“Pure and genuine religion in the sight of God the Father means caring for orphans and widows in their distress …” (James 1:27, NLT)
Mom, I don’t want to make you sad, and it sounds kind of weird, but it’s International Widows Day today.
That was the text message I received last Friday from my daughter, Emilie, while I was at the hair salon. I burst out laughing.
“Why do we need a day to acknowledge widows?” I said to my stylist.
“It’s not enough you have to deal with all the firsts and anniversaries, and now this?” he said.
“So what do you do on International Widows Day?” I wondered aloud. “Do you celebrate with a party, as if being a widow is a good thing? Do you say ‘Happy Widows Day’ to the widows in your life? Or do you gather the widows and orphans and have a good cry together?”
I was a little incredulous – and curious.
So I went home and researched what it was all about. Turns out International Widows Day (IWD) is no laughing matter.
The day was introduced by the Loomba Foundation in 2005 to “address the poverty and injustice faced by widows and their children in many countries,” and officially recognized by the United Nations in 2010. It is observed annually on June 23 – the date in 1954 that Lord Raj Loomba’s mother became a widow with seven children at the age of 37.
In the Looma Foundation’s “World’s Widow Report” released in 2016, Lord Loomba said, ““Widowhood is a hidden calamity. When an earthquake, tsunami or any other natural calamity happens, the world takes notice. We can measure the number of people who are killed and the financial consequences.

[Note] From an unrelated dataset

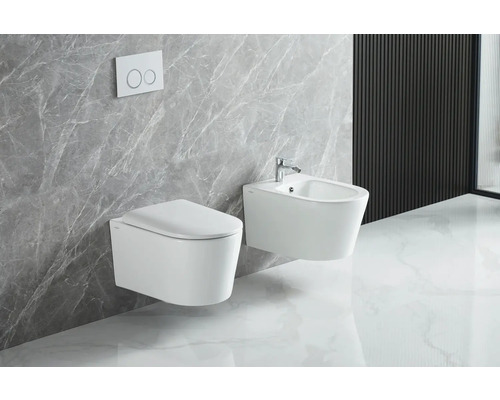 Moderní koupelna se závěsným WC a bidetem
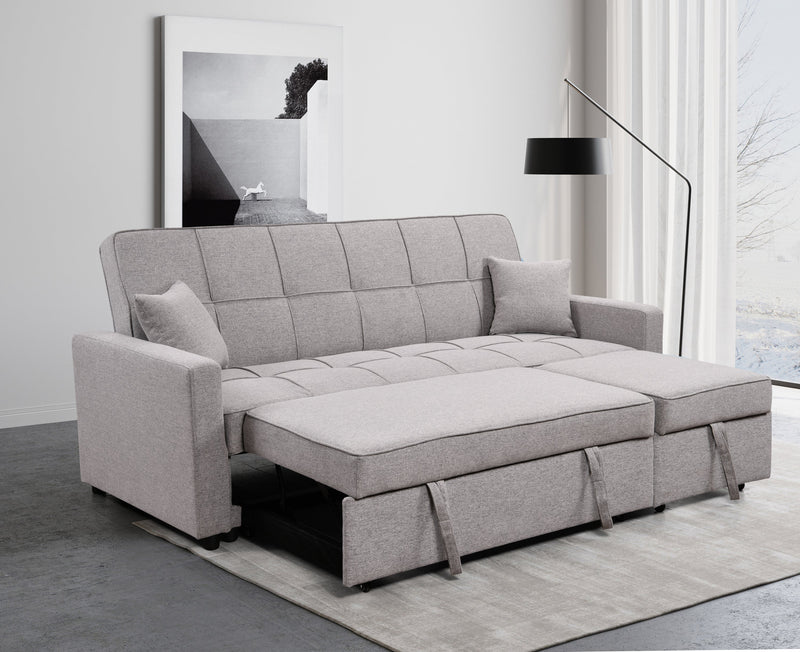 83' Oversized Upholstered Sofa Bed W/Pull Out Couch Bed & Adjustable Backrest,3 Seaters Sofa & Couch Convertible Sleep Sofabed for Home Apartment Living Room,Light Gray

The calamity of widowhood is far greater, affecting almost one seventh of humanity, yet it is largely invisible.”
This story from CNN by Alexandra King and Masuma Ahujad and the UN’s report here made me realize that widows in other parts of the world have a lot more to deal with than just the grief of losing a spouse.
For starters, loss of income reduces widows – often with no marketable skills – and their children to extreme poverty levels. Discrimination from family and community members – due to cultural perceptions in some countries of widows being cursed or evil – torments the women, leaving them isolated, lonely, fearful, confused and overwhelmed as they struggle to provide for their children.
Some are forced to marry their husband’s brother. Others are subjected to degrading and life-threatening mourning and burial rites and other forms of widow abuse. They lose not only their husbands and often everything they have, but also their position in society and basic human rights; many suffer violence – and even death – at the hands of their own family members.
One of the women featured in CNN’s story is a 52-year-old widow from Kenya who lost her husband 10 years ago when he was murdered in tribal clashes. She says, “… To be a widow in my country, you will be neglected by relatives, isolated by people, oppressed and denied your rights by family members, society and local government officials.”
A 75-year-old widow from India says that after her second husband’s death, “his children and my only daughter started beating and abusing me, threatened me with dire consequences, and forced me to sign property papers.”
Definitely puts my own situation in perspective. It’s true, I’ve suffered a significant loss of income since losing Paul (as do the majority of widows in the United States), but my family and I are not in poverty. And though I continue to feel the emotional roller coaster of emotions as I navigate the grief process, I haven’t lost my status as a human being with dignity and basic human rights. Sure, I feel overwhelmed at times trying to manage the demands of being the head of household, but I have tons of support from family and loving friends who are all too happy to respond to my requests for help.
Though I dislike the real and painful effects I’m experiencing as a widow, I have much to be thankful for – and many sisters in widowhood to pray for.
Thanks to Emilie, I’ll know what to do when International Widows Day roles around next year. Instead of cracking up in disbelief, I’ll turn my attention, and that of those around me, to the plight of the estimated 259 million widows worldwide who suffer prejudice and discrimination. And I’ll thank God for those who work so tirelessly to care for us in our distress.